Monday, August 20, 2012

Rochester's Massaro Sculpture Garden and Frank Lloyd Wright's restored Boynton House

a clean crescent and plants gives signs of more to investigate

Driving down Canterbury Road in Rochester you might notice elements that simply do not flow within the traditional register of the neighboring houses.  Located at the corner of Canterbury and Harvard, Massaro Studios and Sculpture gardens allows whimsy and art to blend in a very calm and effective manner.   Whether it is a row of curving bricks and plantings on the parkway planting strip to simple stacked wood traditionally seen in high-brow artist such as Goldsworthy, the assemblage here is fun and allows all to see what can be done with a little sense of adventure.

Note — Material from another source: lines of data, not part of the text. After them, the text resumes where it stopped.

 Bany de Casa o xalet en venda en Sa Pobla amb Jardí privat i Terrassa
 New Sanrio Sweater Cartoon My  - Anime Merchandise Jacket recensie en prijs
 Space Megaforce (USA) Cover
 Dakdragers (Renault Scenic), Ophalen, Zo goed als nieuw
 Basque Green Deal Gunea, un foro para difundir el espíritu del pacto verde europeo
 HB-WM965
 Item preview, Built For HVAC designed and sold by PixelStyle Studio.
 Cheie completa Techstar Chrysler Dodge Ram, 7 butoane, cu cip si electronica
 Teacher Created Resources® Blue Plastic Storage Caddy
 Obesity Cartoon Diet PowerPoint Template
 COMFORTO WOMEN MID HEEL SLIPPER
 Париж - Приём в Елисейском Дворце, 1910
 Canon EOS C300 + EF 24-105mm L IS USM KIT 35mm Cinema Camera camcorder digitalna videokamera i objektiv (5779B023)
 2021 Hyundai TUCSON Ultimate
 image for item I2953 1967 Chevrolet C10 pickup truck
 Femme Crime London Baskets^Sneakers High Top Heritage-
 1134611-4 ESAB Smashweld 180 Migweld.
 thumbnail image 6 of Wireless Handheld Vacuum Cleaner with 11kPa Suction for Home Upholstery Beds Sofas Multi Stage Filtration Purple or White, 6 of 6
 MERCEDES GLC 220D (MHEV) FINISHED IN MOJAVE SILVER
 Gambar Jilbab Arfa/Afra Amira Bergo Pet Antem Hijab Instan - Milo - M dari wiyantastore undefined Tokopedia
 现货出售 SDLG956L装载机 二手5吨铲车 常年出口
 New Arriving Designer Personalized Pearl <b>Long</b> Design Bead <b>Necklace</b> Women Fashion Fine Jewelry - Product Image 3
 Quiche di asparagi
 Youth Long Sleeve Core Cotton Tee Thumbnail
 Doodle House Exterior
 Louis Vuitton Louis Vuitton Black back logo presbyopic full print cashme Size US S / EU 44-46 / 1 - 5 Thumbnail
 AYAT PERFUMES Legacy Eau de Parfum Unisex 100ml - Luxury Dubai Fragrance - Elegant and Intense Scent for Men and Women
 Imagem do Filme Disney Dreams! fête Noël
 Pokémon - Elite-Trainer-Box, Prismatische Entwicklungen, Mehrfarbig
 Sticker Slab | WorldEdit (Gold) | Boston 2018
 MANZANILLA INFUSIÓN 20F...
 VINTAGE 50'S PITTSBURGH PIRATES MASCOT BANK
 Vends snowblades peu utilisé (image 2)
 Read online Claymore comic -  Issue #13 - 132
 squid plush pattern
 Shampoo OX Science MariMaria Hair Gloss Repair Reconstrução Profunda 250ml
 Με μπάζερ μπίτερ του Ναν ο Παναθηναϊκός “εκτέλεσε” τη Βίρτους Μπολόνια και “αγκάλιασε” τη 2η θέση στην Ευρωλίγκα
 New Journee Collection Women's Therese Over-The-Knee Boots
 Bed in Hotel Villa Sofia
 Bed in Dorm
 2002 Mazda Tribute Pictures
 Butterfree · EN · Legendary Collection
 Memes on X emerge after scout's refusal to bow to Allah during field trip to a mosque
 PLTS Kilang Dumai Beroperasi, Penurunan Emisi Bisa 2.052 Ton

Vincent Massaro has been doing at it since the early 1990's  and he describes it more as the process of making art in public spaces rather than putting objects for display.  A brief meeting and chat this day revealed your typical neighbor taking care of his yard.  But this is not just any yard.  Enjoy the following images mixing found objects with detritus that create new objects and change in time to be replaced with new.  Rochester has registered his efforts in a Landmark, monument  and memorial website

Hard to grow trees on perimeter walls, not these!  Artificial trees provide perfect effect in otherwise natural garden while providing screen to private garden

Branches from dead cedars create entry totems.  Lath and rebar boulders allude to Glacial landscape of northern New York

Gargoyle lurks inside pergola of twigs and branches

Sitting on perimeter wall this sculpture provides a point of view to those in or out of the garden

Another mesh fashioned bolder helms the prow of this garden

Not far from the Massaro Studios on East Boulevard is this very modern and 104 year old house.  Designed by Frank Lloyd Wright (FLW) in 1908 this Prairie House is his easternmost success.  Two years ago I first saw it it was shrouded in vegetation and scaffolding starting its renovation.  In an unusual arrangement the Landmark Society purchased the house and sold it to an individual with some architectural covenants protecting the future of the house.  The house has regained its front outdoor terrace that had been enclosed very early on.  It is good to know that this house will remain a residence rather than following the trend of these important architectural houses to become house museums and the such.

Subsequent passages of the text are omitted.